- [WHAT THIS TASK INVOLVES]:
Show all lines from the material that carry the word "Outdoor".

DATA below:

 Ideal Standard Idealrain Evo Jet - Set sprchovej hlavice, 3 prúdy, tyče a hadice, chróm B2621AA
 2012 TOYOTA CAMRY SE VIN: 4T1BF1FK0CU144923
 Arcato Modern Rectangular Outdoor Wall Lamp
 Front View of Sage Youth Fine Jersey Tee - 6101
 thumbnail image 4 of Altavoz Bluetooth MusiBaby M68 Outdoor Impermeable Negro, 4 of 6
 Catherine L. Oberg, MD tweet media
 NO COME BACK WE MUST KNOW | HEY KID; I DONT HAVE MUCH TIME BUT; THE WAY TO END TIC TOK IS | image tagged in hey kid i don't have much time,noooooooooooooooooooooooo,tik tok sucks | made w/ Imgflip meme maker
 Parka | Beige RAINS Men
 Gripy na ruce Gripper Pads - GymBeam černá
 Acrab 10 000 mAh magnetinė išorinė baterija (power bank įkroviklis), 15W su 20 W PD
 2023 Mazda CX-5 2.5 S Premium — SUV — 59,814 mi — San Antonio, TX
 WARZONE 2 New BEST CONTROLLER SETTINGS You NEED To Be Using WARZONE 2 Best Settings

End of DATA.

- [RESULT OF THE TASK]:
 Arcato Modern Rectangular Outdoor Wall Lamp
 thumbnail image 4 of Altavoz Bluetooth MusiBaby M68 Outdoor Impermeable Negro, 4 of 6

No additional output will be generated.